A bill that actively prevents abusing financial instruments embedded into the casino glides past the Senate after they passed the bill unanimously with only one amendment.
Senate President Arnold I. Palacios’ (R-Saipan) Senate Bill 20-98 was passed during a Senate session last Monday in the Senate chamber on Capitol Hill with a vote of 9-0.
Prior to passing, Sen. Justo Quitugua (Ind-Saipan), who chairs the Senate Gaming Committee, offered an amendment to further strengthen the legislation, which include only allowing junket operators who are licensed by the Commonwealth Casino Commission to issue gaming debts, or debts incurred from participating in games involving wagers. Quitugua also noted during discussion that the amendments were obtained from the recommendations of the casino commission.

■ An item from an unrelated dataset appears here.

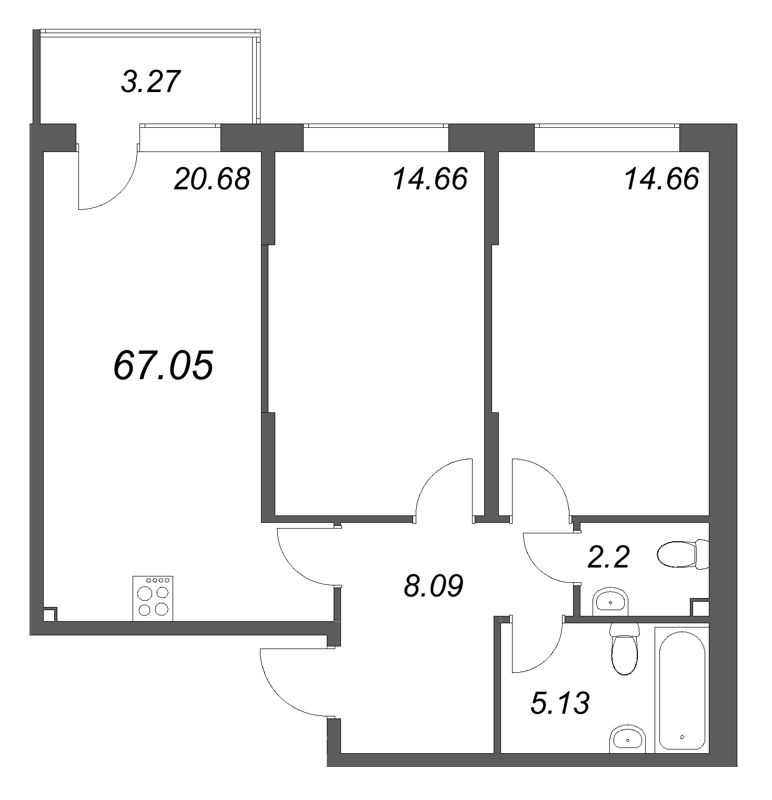 3 ккв (Евро) 67,1 м²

The bill also recognizes and clarifies definitions of financial instruments in casino gaming, such as gaming guarantee, or a promissory note accepted by a licensee as security for extending credit to an identified patron for gaming and casino credit instrument, or any form of writing that evidences gaming debt owed to a licensed person.
The bill clarifies that gaming debt, without the sufficient writings, is unenforceable in any administrative, civil, or criminal proceeding. Debts with proper sufficient writings are valid and are enforceable.
The bill further clarifies that a patron’s claim of having mental or behavioral disorders involving gambling is not a legitimate defense in any civil or administrative action based on or arising out of a casino credit instrument and that it is not a valid counterclaim to any civil or administrative enforcement or collection action.
A person who misuses a credit card to obtain property, services or a valuable benefit from one or more individuals, any governmental entity, a casino licensee, or a corporation or any other entity is guilty of misusing financial instruments.
Such violation also includes using a credit card for obtaining property, services, or a valuable benefit with knowledge at the time of the transaction that the card is stolen or forged; or the card has been revoked or cancelled; or the person using the card is unauthorized by the issuer; or the person using the card has obtained consent from the person in whose name the card is issued by use of a threat of violence or bodily harm, physical intimidation, or physical coercion.
The bill clarified that the guidelines in which people are presumed to have the intent to engage in theft and defraud if certain criteria are met. The presumption is not conclusive but is proof of intent and knowledge which can be rebutted by the drawer or maker, and if payment is not made when due or upon presentment shall immediately begin accruing interests at 12 percent per annum, with payment at full must include the accrued interest.
The bill now heads to the House for action.